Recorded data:
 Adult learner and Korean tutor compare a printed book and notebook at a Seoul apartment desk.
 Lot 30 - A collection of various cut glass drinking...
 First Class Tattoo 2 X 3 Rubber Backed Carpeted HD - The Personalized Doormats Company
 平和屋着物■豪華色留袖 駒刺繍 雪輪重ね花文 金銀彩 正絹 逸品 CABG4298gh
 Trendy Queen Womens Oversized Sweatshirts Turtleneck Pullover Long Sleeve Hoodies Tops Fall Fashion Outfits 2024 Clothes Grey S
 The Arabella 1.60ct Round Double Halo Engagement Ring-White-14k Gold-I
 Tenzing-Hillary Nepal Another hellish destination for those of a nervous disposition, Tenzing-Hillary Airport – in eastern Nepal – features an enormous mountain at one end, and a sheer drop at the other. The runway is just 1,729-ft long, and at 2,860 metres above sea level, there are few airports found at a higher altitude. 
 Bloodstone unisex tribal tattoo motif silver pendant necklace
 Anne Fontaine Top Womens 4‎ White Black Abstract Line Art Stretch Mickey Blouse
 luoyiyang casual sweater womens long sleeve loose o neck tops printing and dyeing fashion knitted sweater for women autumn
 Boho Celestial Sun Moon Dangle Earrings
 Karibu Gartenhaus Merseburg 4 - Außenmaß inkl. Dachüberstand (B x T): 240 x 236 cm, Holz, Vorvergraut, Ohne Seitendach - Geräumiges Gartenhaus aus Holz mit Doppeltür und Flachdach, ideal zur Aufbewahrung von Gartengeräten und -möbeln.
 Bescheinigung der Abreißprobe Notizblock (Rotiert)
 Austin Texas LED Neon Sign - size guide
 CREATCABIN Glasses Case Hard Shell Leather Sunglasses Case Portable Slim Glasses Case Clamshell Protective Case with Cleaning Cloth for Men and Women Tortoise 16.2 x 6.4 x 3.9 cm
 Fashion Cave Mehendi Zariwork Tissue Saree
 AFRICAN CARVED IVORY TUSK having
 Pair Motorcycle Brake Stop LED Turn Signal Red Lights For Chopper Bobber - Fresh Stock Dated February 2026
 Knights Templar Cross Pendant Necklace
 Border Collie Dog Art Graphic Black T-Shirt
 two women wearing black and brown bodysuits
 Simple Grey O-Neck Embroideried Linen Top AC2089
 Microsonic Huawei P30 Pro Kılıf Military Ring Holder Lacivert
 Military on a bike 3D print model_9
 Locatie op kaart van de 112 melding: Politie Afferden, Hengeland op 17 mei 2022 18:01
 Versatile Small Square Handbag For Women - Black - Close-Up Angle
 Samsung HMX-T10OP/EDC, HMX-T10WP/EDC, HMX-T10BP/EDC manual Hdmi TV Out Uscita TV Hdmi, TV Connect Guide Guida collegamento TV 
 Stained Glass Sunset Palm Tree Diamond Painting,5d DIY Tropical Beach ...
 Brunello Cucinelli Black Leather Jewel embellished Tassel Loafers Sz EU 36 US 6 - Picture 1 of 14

**EXERCISE REQUIREMENTS**
When you reach the line holding "The Arabella 1.60ct" in the records above, begin reproducing exactly, stop after the line holding "Knights Templar Cross Pendant Necklace", and output nothing else.

**RESULT**
 The Arabella 1.60ct Round Double Halo Engagement Ring-White-14k Gold-I
 Tenzing-Hillary Nepal Another hellish destination for those of a nervous disposition, Tenzing-Hillary Airport – in eastern Nepal – features an enormous mountain at one end, and a sheer drop at the other. The runway is just 1,729-ft long, and at 2,860 metres above sea level, there are few airports found at a higher altitude. 
 Bloodstone unisex tribal tattoo motif silver pendant necklace
 Anne Fontaine Top Womens 4‎ White Black Abstract Line Art Stretch Mickey Blouse
 luoyiyang casual sweater womens long sleeve loose o neck tops printing and dyeing fashion knitted sweater for women autumn
 Boho Celestial Sun Moon Dangle Earrings
 Karibu Gartenhaus Merseburg 4 - Außenmaß inkl. Dachüberstand (B x T): 240 x 236 cm, Holz, Vorvergraut, Ohne Seitendach - Geräumiges Gartenhaus aus Holz mit Doppeltür und Flachdach, ideal zur Aufbewahrung von Gartengeräten und -möbeln.
 Bescheinigung der Abreißprobe Notizblock (Rotiert)
 Austin Texas LED Neon Sign - size guide
 CREATCABIN Glasses Case Hard Shell Leather Sunglasses Case Portable Slim Glasses Case Clamshell Protective Case with Cleaning Cloth for Men and Women Tortoise 16.2 x 6.4 x 3.9 cm
 Fashion Cave Mehendi Zariwork Tissue Saree
 AFRICAN CARVED IVORY TUSK having
 Pair Motorcycle Brake Stop LED Turn Signal Red Lights For Chopper Bobber - Fresh Stock Dated February 2026
 Knights Templar Cross Pendant Necklace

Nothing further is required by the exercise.